For myself I'd say offline testing is a requirement but not for comparing two disparate recommenders. Companies like Amazon and Netflix, as well as others on record, have a workflow that includes offline testing and comparison against previous versions of their own code and their own gold data set. These comparisons can be quite useful, if only in pointing to otherwise obscure bugs. If they see a difference in two offline tests they ask, why? Then when they think they have an optimal solution they do A/B tests as challenger/champion competitions and it's these that are the only reliable measure of goodness.
I do agree that comparing two recommenders with offline tests is dubious at best, as the paper points out. But put yourself in the place of a company new to recommenders who has several to choose from. Maybe even versions of the same recommender with different tuning parameters. Do the offline tests with a standard set of your own data and pick the best to start with. What other choice do you have? Maybe flexibility or architecture trumps the offline tests, if not then using them is better than a random choice. Take this result with a grain of salt though and get ready to A/B test later challengers when or if you have time.
In the case of the Solr recommender it is extremely flexible and online (realtime results). These features for me trump any offline tests against alternatives. But the demo site will include offline Mahout recommendations for comparison, and in the unlikely event that it gets any traffic, will incorporate A/B tests.

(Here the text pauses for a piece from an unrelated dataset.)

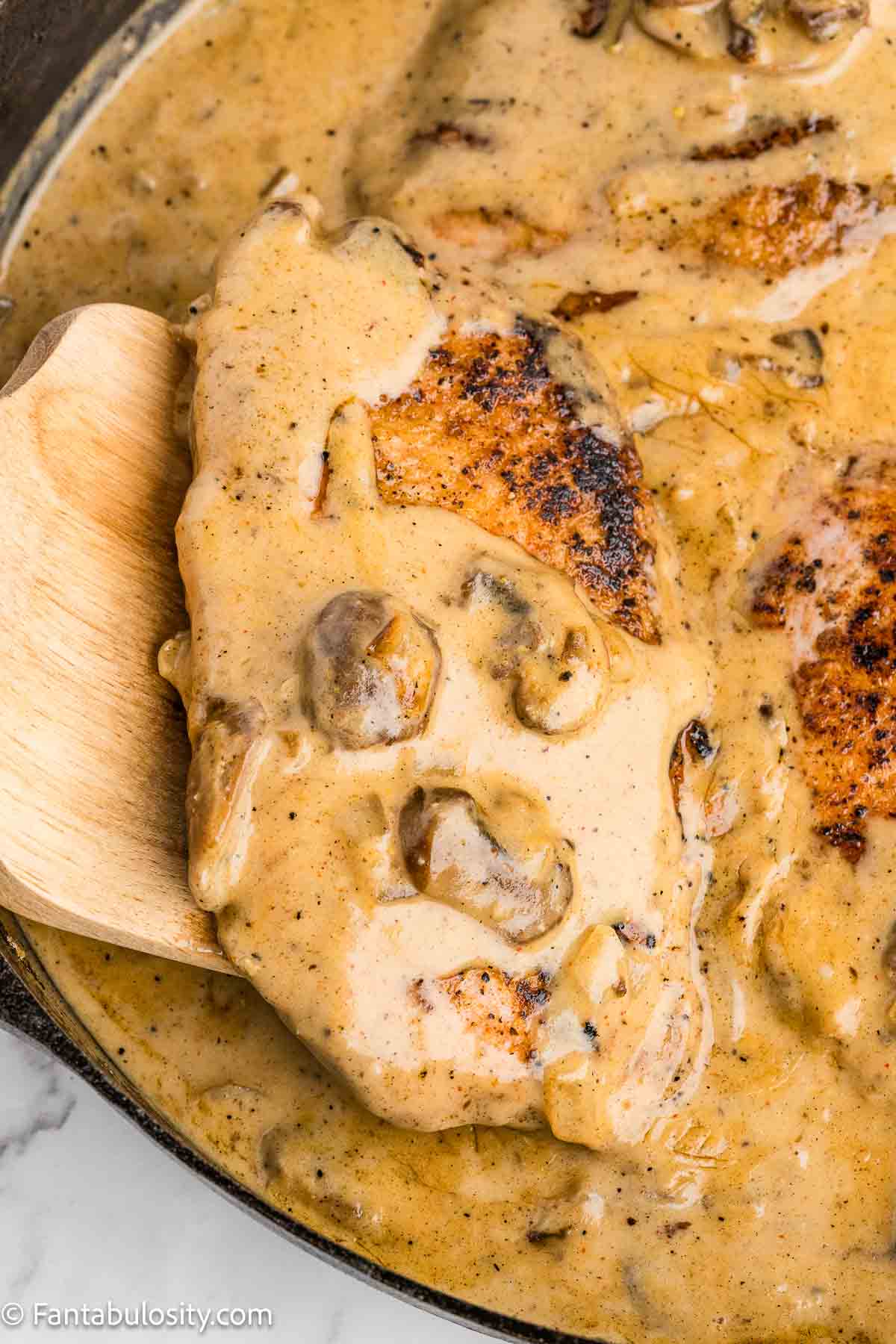 Smothered pork chop on a wooden spatula, out of skillet.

On Oct 9, 2013, at 4:29 PM, Ted Dunning <[EMAIL PROTECTED]> wrote:
On Wed, Oct 9, 2013 at 12:54 PM, Michael Sokolov <[EMAIL PROTECTED]> wrote:
BTW lest we forget this does not imply the Solr-recommender is better than Myrrix or the Mahout-only recommenders. There needs to be some careful comparison of results. Michael, did you do offline or A/B tests during your implementation?
I ran some offline tests using our historical data, but I don't have a lot of faith in these beyond the fact they indicate we didn't make any obvious implementation errors. We haven't attempted A/B testing yet since our site is so new, and we need to get a meaningful baseline going and sort out a lot of other more pressing issues on the site - recommendations are only one piece, albeit an important one.
Actually there was an interesting idea for an article posted recently about the difficulty of comparing results across systems in this field: http://www.docear.org/2013/09/23/research-paper-recommender-system-evaluation-a-quantitative-literature-survey/
but that's no excuse not to do better. I'll certainly share when I know more :)
I tend to be a pessimist with regard to off-line evaluation. It is fine to do, but if a system is anywhere near best, I think that it should be considered for A/B testing.